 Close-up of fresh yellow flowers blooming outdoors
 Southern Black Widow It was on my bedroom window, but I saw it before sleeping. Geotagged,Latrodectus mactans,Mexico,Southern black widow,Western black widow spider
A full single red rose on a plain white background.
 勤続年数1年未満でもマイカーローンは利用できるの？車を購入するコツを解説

...

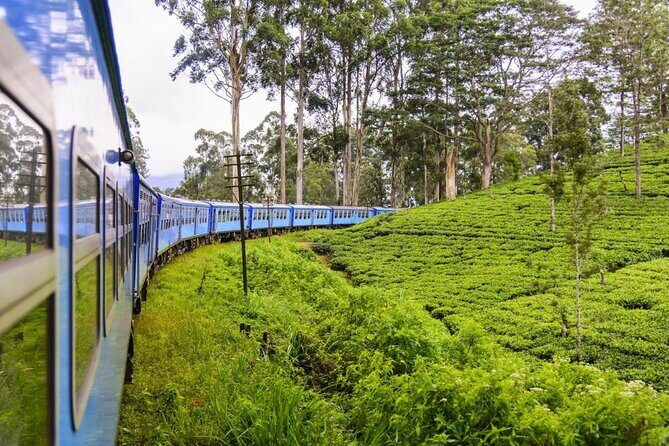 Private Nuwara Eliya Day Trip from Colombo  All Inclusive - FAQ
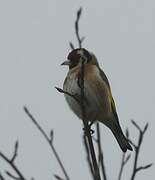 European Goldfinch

==

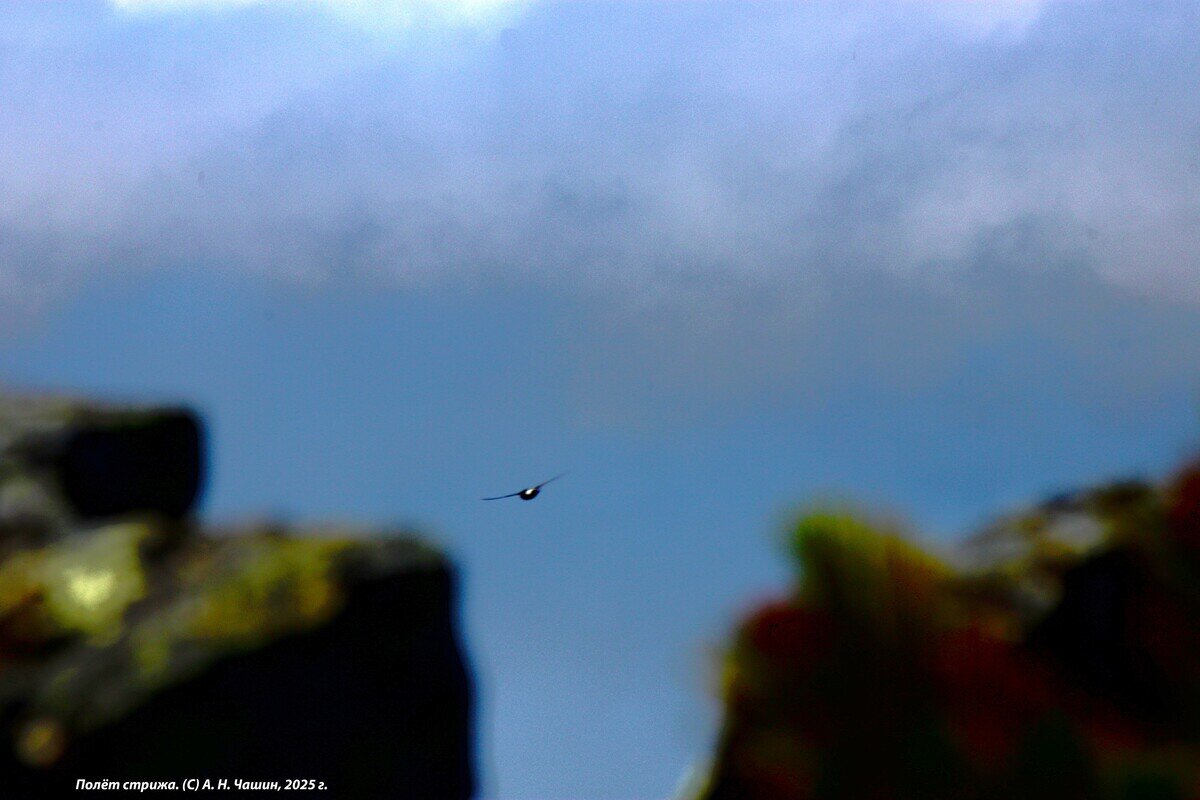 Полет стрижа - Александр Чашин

TASK
Find the line with "Private Nuwara Eliya" and the line with "European Goldfinch" in the records above. Copy both and all lines between them exactly, without pictures.

RESULT
 Private Nuwara Eliya Day Trip from Colombo  All Inclusive - FAQ
 European Goldfinch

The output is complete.